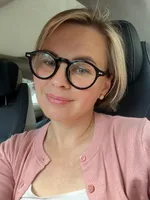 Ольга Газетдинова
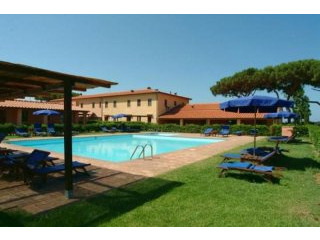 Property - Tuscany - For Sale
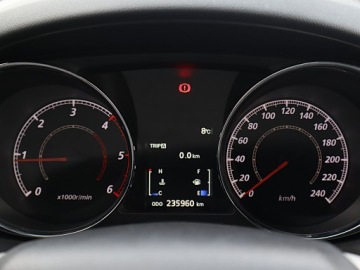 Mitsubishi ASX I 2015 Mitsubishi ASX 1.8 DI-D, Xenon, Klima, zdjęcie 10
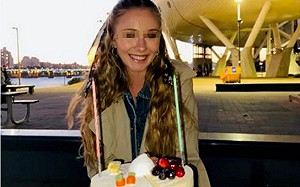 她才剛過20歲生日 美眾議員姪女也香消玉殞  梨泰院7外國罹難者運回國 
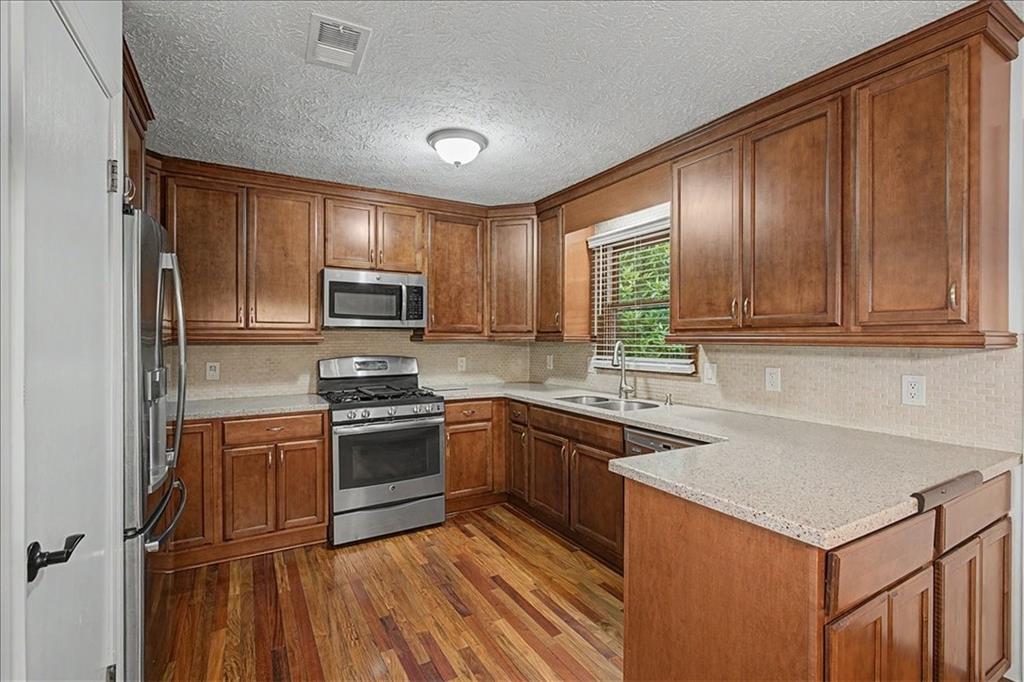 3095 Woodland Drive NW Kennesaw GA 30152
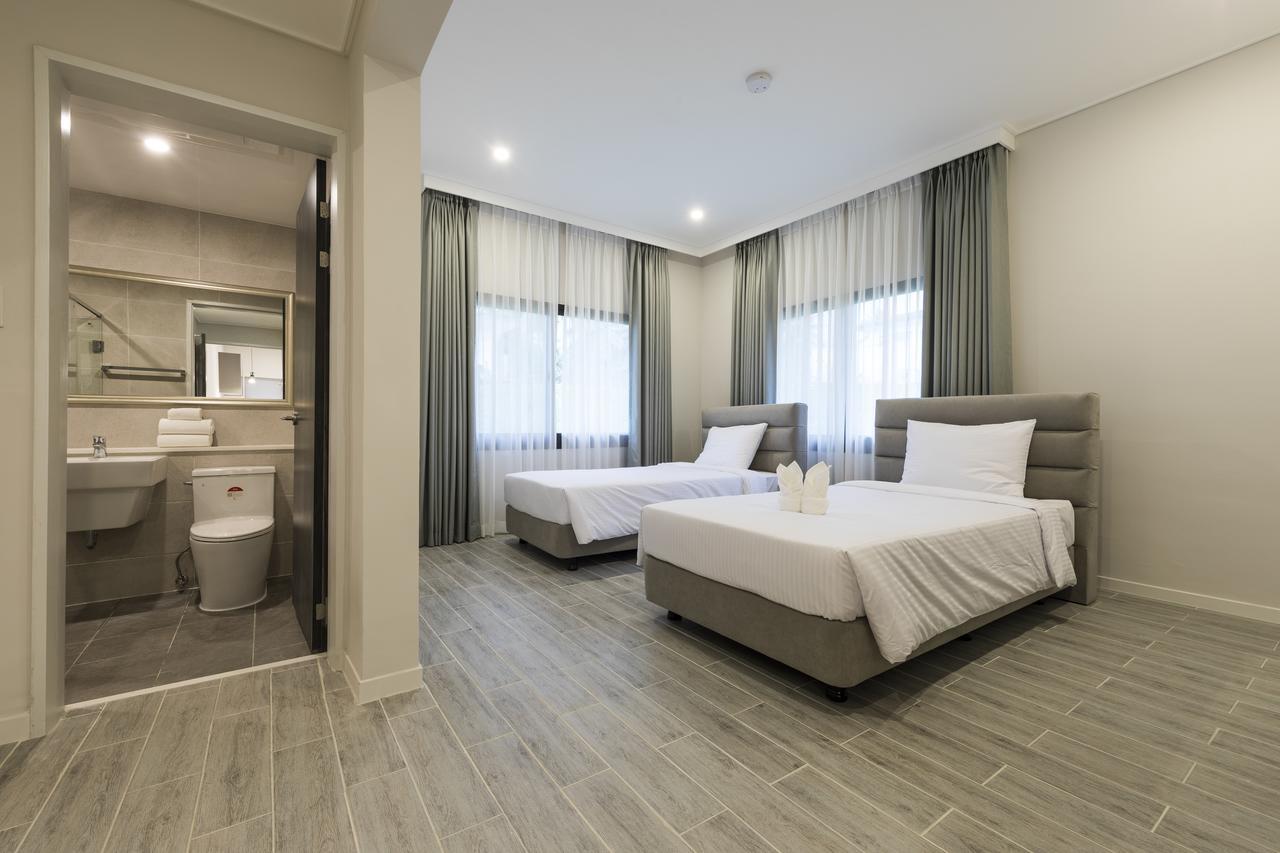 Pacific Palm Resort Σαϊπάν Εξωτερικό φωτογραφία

--

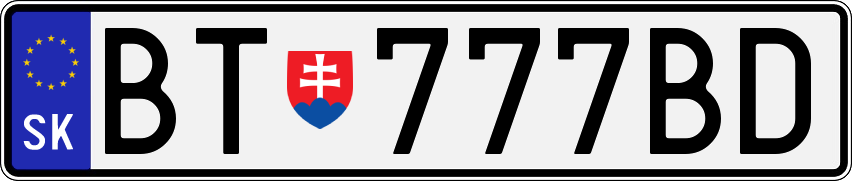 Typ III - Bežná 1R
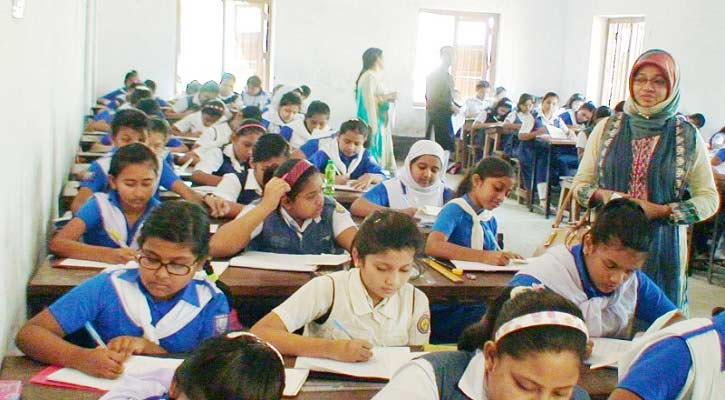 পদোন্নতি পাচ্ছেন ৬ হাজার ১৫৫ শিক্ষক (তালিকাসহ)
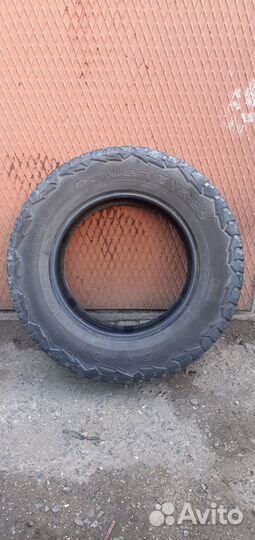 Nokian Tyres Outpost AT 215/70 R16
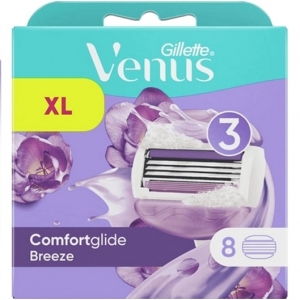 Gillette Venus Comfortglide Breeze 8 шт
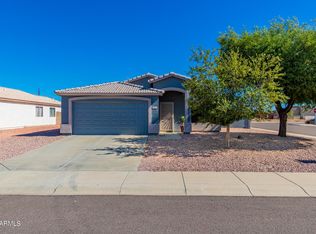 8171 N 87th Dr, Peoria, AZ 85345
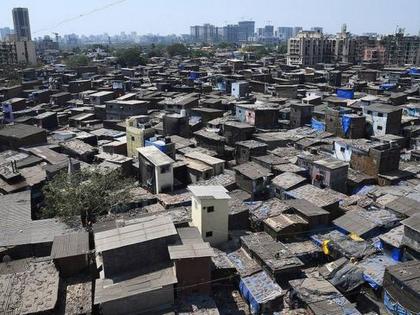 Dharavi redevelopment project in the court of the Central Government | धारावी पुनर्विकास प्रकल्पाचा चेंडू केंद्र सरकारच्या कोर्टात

Work request =
When you reach the line that has "Ольга Газетдинова" in the data above, start repeating lines exactly, and stop after the line that has "Pacific Palm Resort"; pictures stay out.

Exercise solution =
 Ольга Газетдинова
 Property - Tuscany - For Sale
 Mitsubishi ASX I 2015 Mitsubishi ASX 1.8 DI-D, Xenon, Klima, zdjęcie 10
 她才剛過20歲生日 美眾議員姪女也香消玉殞  梨泰院7外國罹難者運回國 
 3095 Woodland Drive NW Kennesaw GA 30152
 Pacific Palm Resort Σαϊπάν Εξωτερικό φωτογραφία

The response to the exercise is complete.